I'm all for gay rights. I'm also a very strong willed, independent woman, and like most semi-educated people, I believe in the theory of evolution. I'm also a Christian.
By no means am I a model Christian, and of course I have a great deal of qualms with my chosen faith. Any organized religion is inevitably going to run into issues. When I hear of extremist, hate-based "Christian" groups, I'm embarrassed and saddened by their total misunderstanding of the God they claim to worship.
And while I realize it's not my place to step on others' faith, I do think it's ridiculous the Catholic Church still doesn't value women as equals. I also abhor many of the Bible-thumping "Christians" I grew up with, who project a holier-than-thou façade but, to be blunt, were some of the bitchiest, judgmental people I've ever encountered. The "Christian faith" I consider myself a part of isn't any strict denomination following any rigid guidelines. I legitimately believe there's a greater power that created us and loves us, and he (or she) wants us to love and support one another in this life.
When Sue Sylvester logically explained why she lost her faith in God, I understood. She told Ms. Pillsbury that she wasn't on board with, "telling someone how to believe in God, and if they don't accept it, no matter how openhearted or honest their descent, they're going to hell." She made sense, continuing, "Well, that doesn't sound very Christian, does it?"
Personally I believe I'm a Christian because I was raised in a Christian home. Had I been born into a Jewish or a Muslim or an atheist family, I'd probably be one of those faiths. Regardless of who I prayed to or what I believed for the afterlife, I hope I would've tried to be a good person. Sue was completely right. It's "arrogant" to assume my faith is the only mindset that's going to get someone to an ethereal eternity.
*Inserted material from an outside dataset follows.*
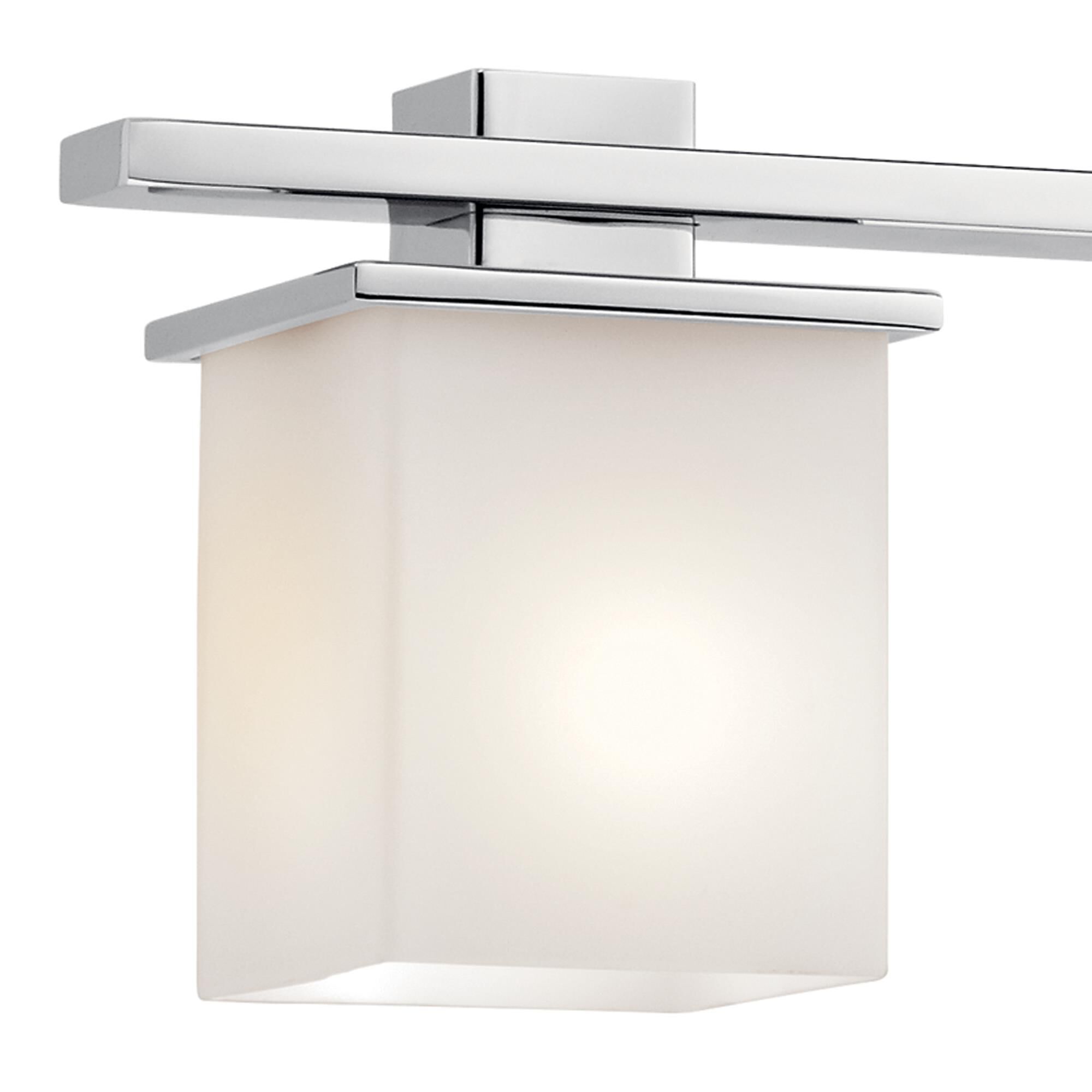 Shown in Chrome finish and Satin Etched Cased Opal glass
The Christian in me tells me that God created us all and loves the quirks and differences that make us unique.
Kurt's coming-out as a young gay man has made for heartfelt, honest television. His father and his peers were, indeed, surprised, but adjusted beautifully. And we saw, as this happened, how much happier and more confident Kurt became once he was comfortable not hiding his sexuality.
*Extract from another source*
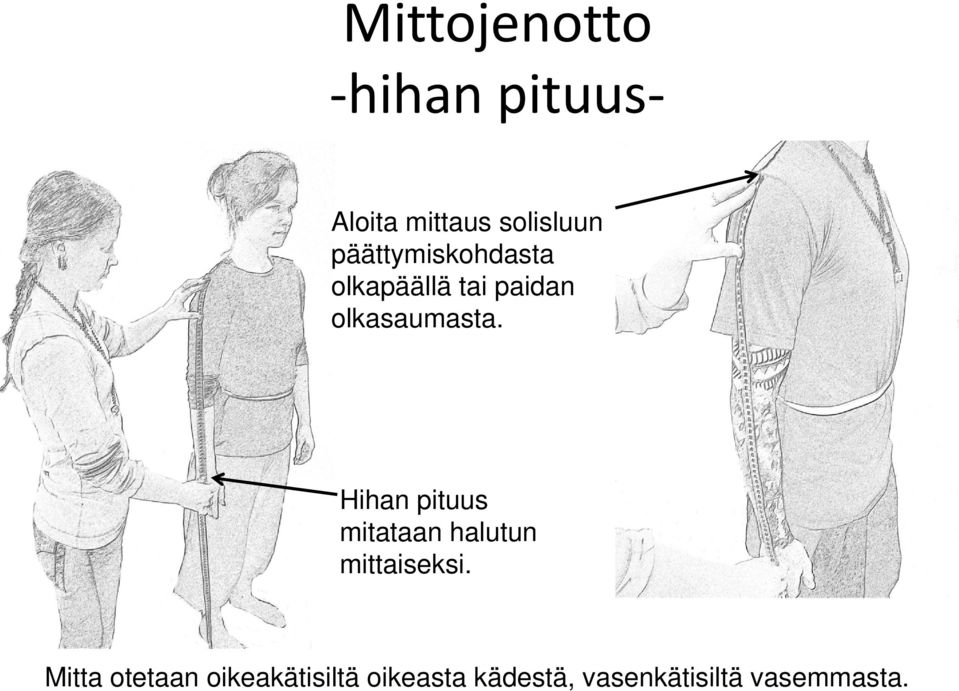 Hihan pituus mitataan halutun mittaiseksi.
So when Kurt said he felt like a cruel God had created him flawed in some way, my heart broke. "I think God is kind of like Santa Claus for adults. Otherwise, God's kind of a jerk, isn't he?" he asked his peers, tears running down his face. "When he makes me gay, and then has his followers going around telling me it's something that I chose, as if someone would choose to be mocked every single day of their life!"
The God I believe in did make Kurt gay, just like he made me 5'8" and fair-skinned. Sexual orientation isn't a choice. Even if were, why would any kindhearted person dissuade another from living their life in a way that, while causing no harm, made them happy? No Christian with love in their heart will tell anyone that any God-given, inherent part of who they are is wrong.
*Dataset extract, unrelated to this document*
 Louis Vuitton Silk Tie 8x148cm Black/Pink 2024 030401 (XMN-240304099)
The bullying and recent suicides of young LGBT teens across the country are devastating. High school is hell to begin with, but it's even worse when our nation's leaders still promote legislation that discriminates against gays. I hope "Grilled Cheesus" starts a discussion about religion and homosexuality. Everyone should have respect and tolerance for their fellow man, but those of us who profess to be Christian need to jump start this equal rights movement. If we say we believe in doing good things and loving one another, we need to pave the way so that no Kurt, or teen like him, feels defective or immoral because of the way our God created them.